Si è conclusa il 28 luglio Supercontinent², la XXXVIII edizione del festival Drodesera di Centrale Fies a Dro, compimento di un programma variegato che ha visto la direzione artistica e i curatori proporre una selezione di lavori intorno alla complessa e caleidoscopica visione della contemporaneità attraverso i segni della performance e delle arti visive.
Sequel dell’edizione 2017, il festival, suddiviso in due sezioni – il “LIVE WORKS Performance Act Awards”, dedicato alla performance art, e la “tradizionale” selezione di lavori di natura più propriamente spettacolare ‒, ha fornito, attraverso un articolato programma, una mappa per navigare e orientarsi fra codici, segni e traiettorie del nostro supercontinente. Ha invitato la comunità di visitatori a fluttuare tra onde esotiche, pratiche nomadiche, visioni ora abbacinanti ora opache, alla scoperta del complesso ecosistema che abitiamo nell’era dell’Antropocene.
Lontano dalla regolarità della programmazione nel performativo, Drodesera ha chiuso con una serata di eccezione: un richiamo alla notte e al buio profondo, un invito a sguardi minoritari, tra cui quelli dell’infanzia, un’accensione di codici coreografici e linguistici ambigui, difficilmente addomesticabili.
Philipp Gehmacher ha presentato My shapes, your words, their grey, performance del 2013 che, in un gioco sul dissolversi e assolversi della figura, apre allo spazio indefinito del grey movement, crea un meccanismo di transizioni inceppate che genera soluzioni coreografiche, corporee, vocali e allestitive in continuo divenire. Attraverso incastri, motti di regressione e atti di liberazione, il performer alterna riverberi di autismo e ironia a slanci di azione che trovano nella parola e nel suono l’indirizzo motorio verso nuove esplorazioni coreografiche.

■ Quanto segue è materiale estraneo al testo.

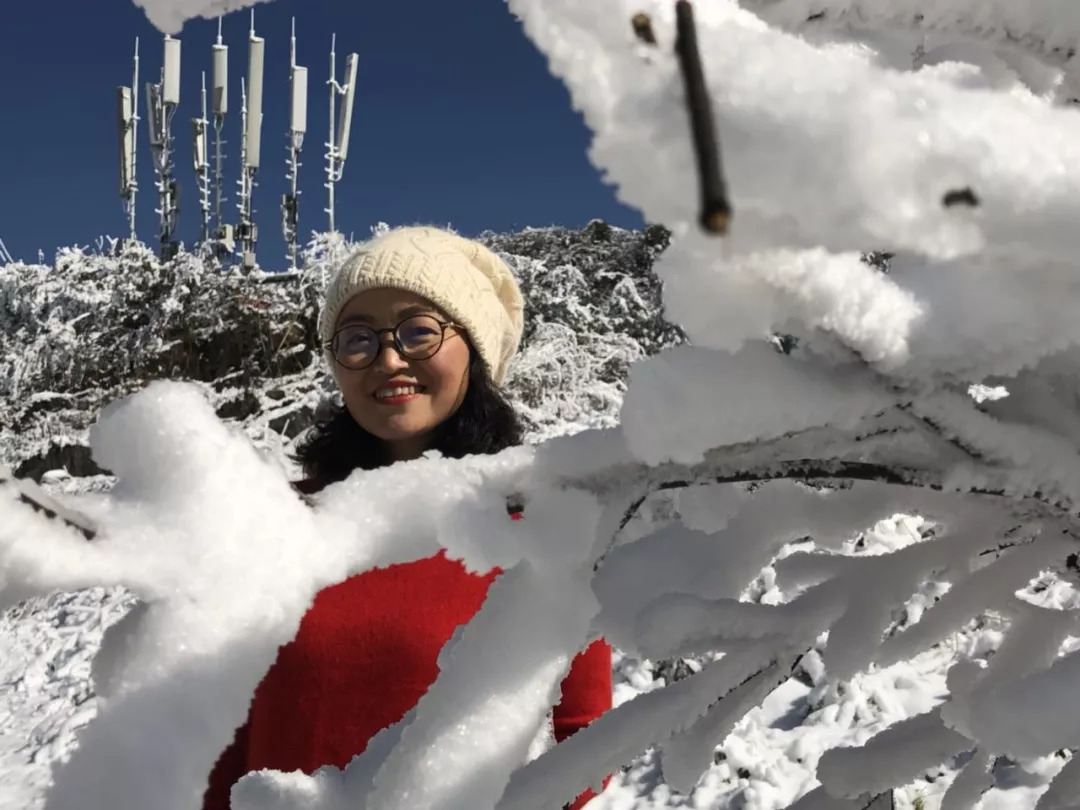 道寿丽丨小城医生用精湛技术和无私爱心，全心全意为人民服务！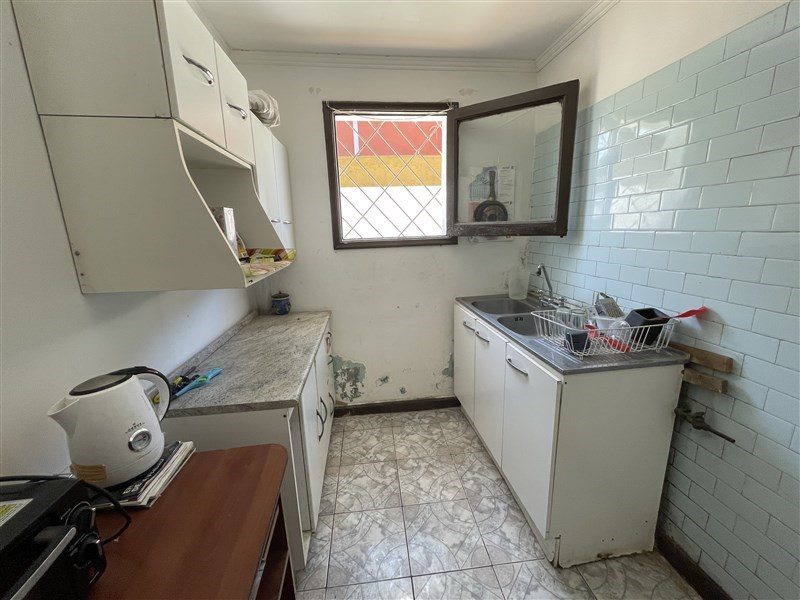 Foto 8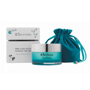 Limited edition Pro-Collagen Marine Cream 100ml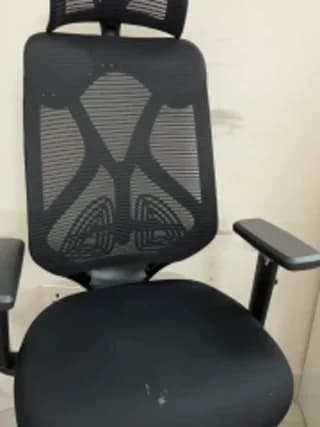 Blushhh99 - stripchat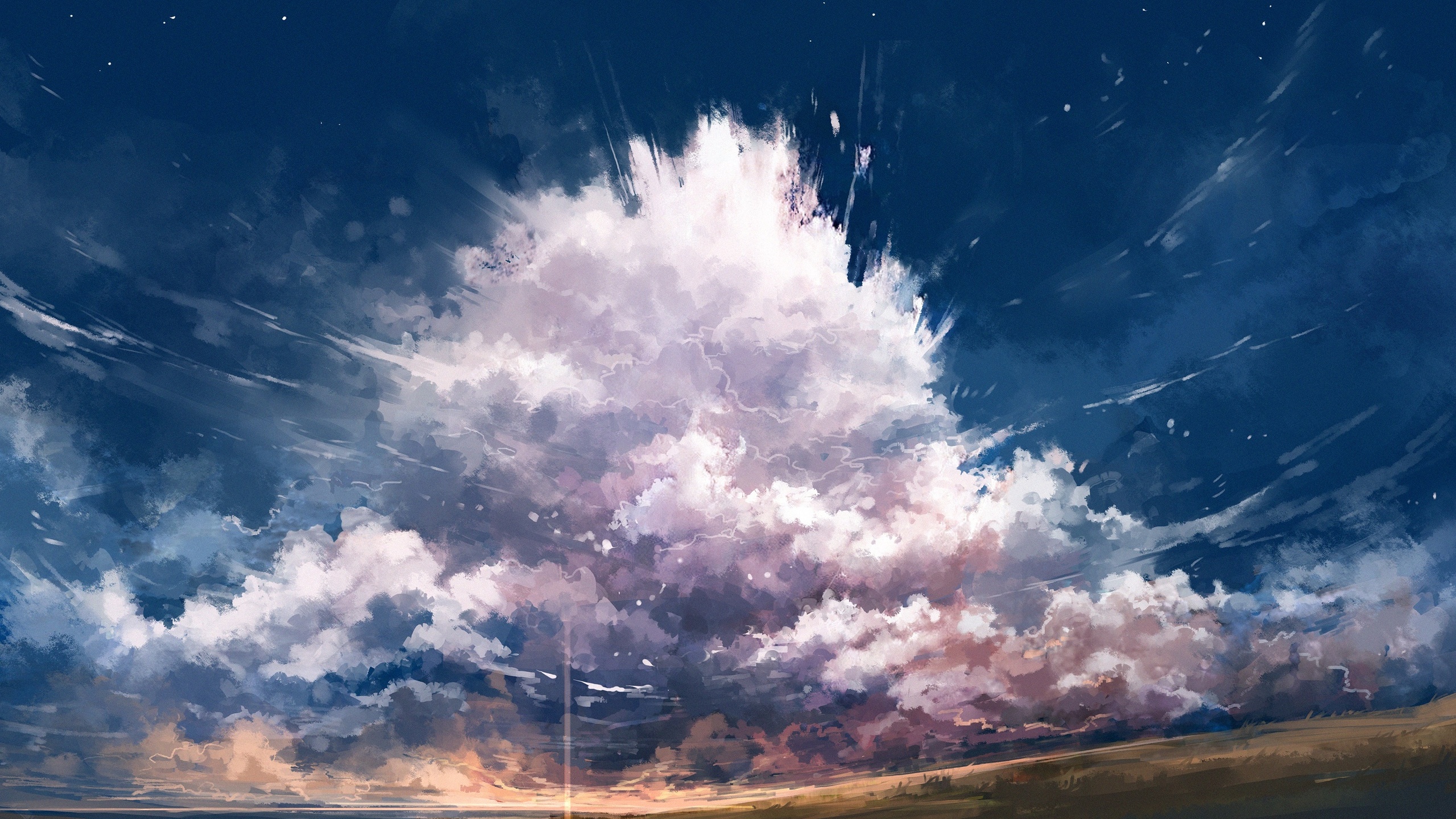 做一个"不好惹"的人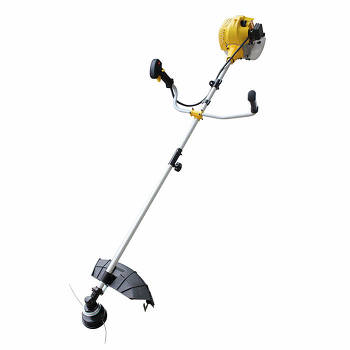 Huter GGT-2900S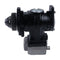 Air Brake Compressor 3690864 for Cummins Engine ISX15 QSX15 X15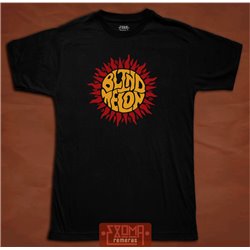 Blind Melon 02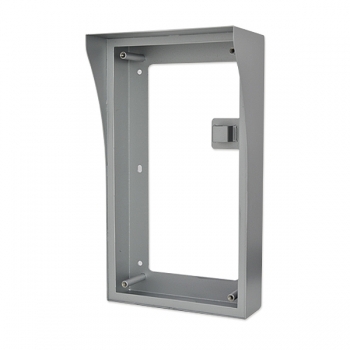 BCS-PN21 Obudowa natynkowa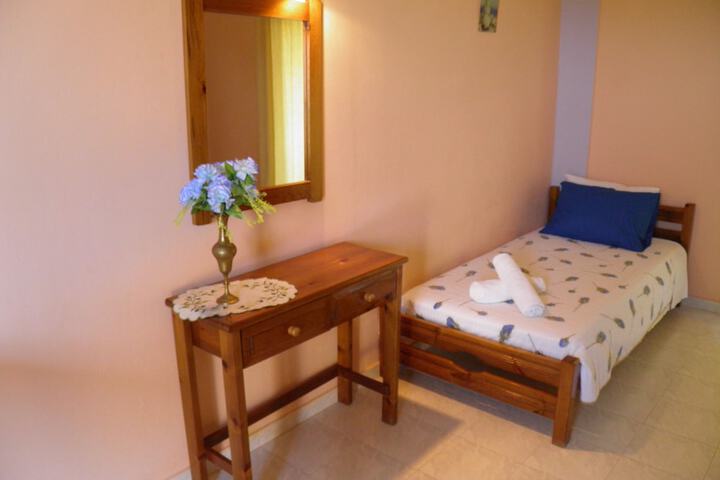 Room 7 of 53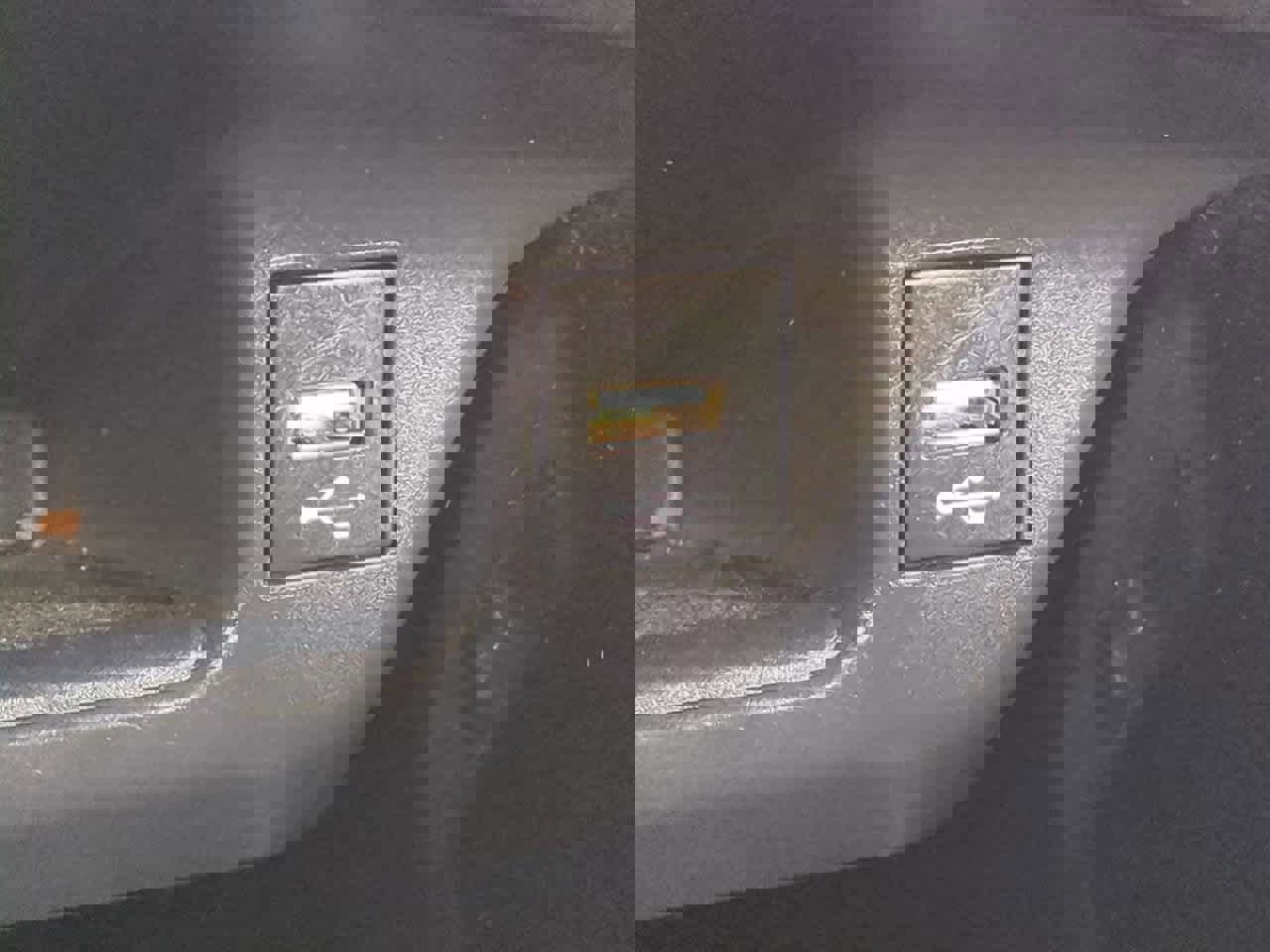 Used 2021 Toyota C-HR Nightshade image 28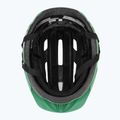 Kask rowerowy dziecięcy Giro Register II matte green rush 5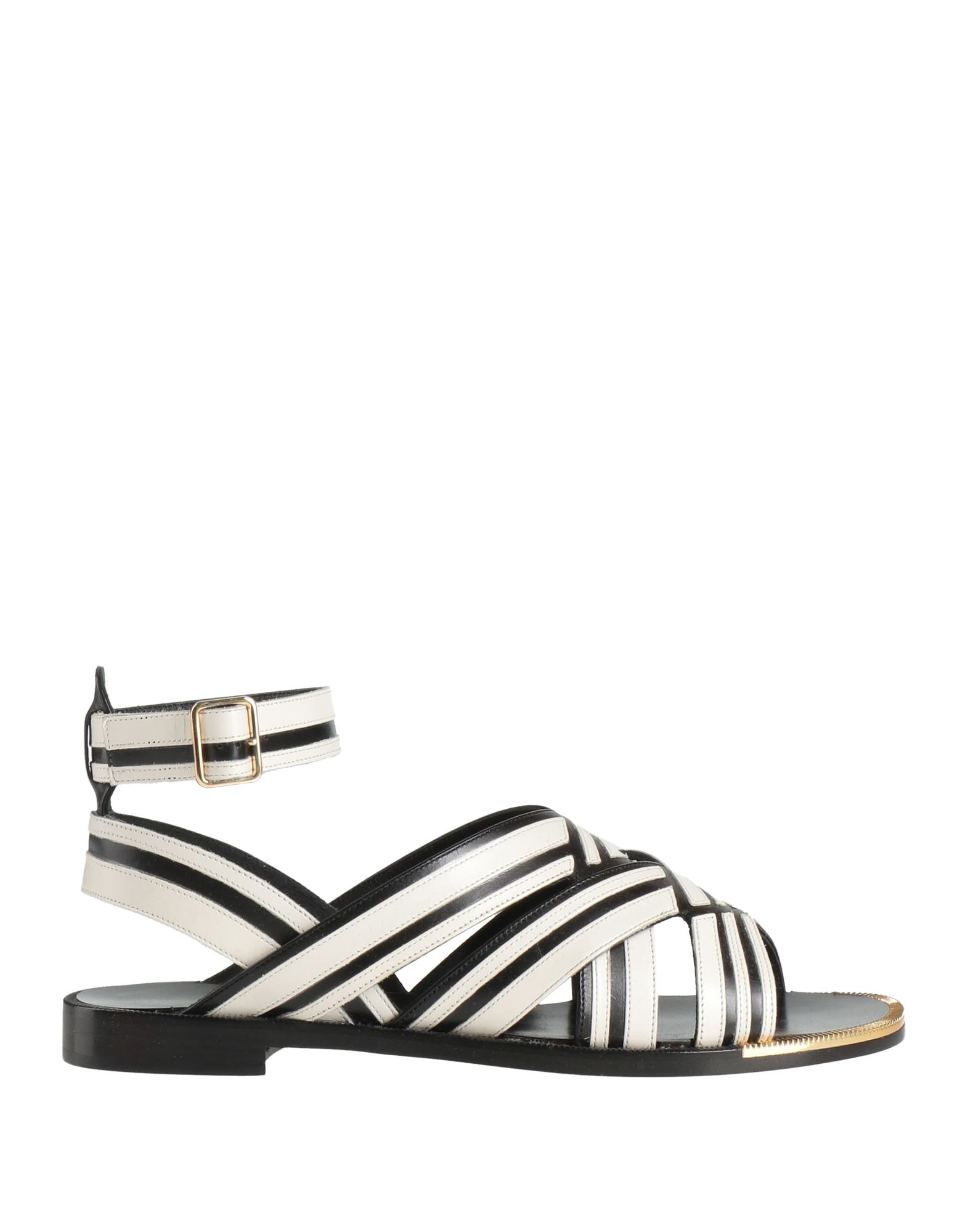 FERRAGAMO FERRAGAMO ΠΑΠΟΥΤΣΙΑ Πέδιλα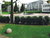 2 Tage Erholung & Auszeit im Aqua Aurelia Suitenhotel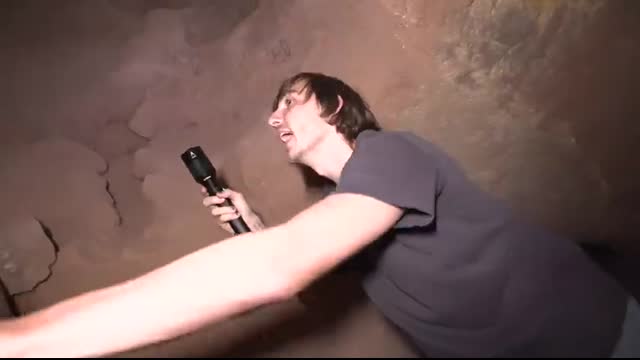 $1 vs $1,000,000 Hotel Room!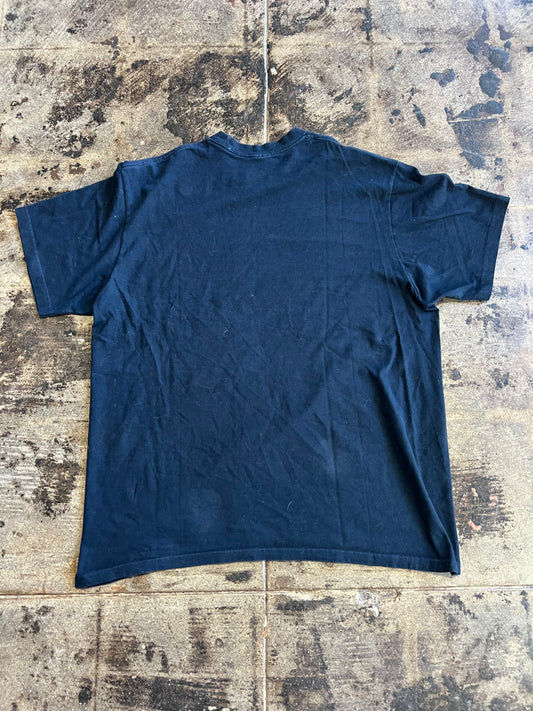 SUPREME DUNK TEE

L’atto linguistico diviene ermetico, libero da ogni codice, ma allo stesso tempo disponibile al suo continuo dissolvimento. Nelle linee del grigio, definito da Kandinskij un vuoto di risonanze, quel colore, che ci circonda e che noi non notiamo, come appunta Derek Jarman in Chroma, diviene lo spazio del potenziale, dell’inespresso, del segreto, uno stato mentale che si fa spazio e corpo, tela, effrazione.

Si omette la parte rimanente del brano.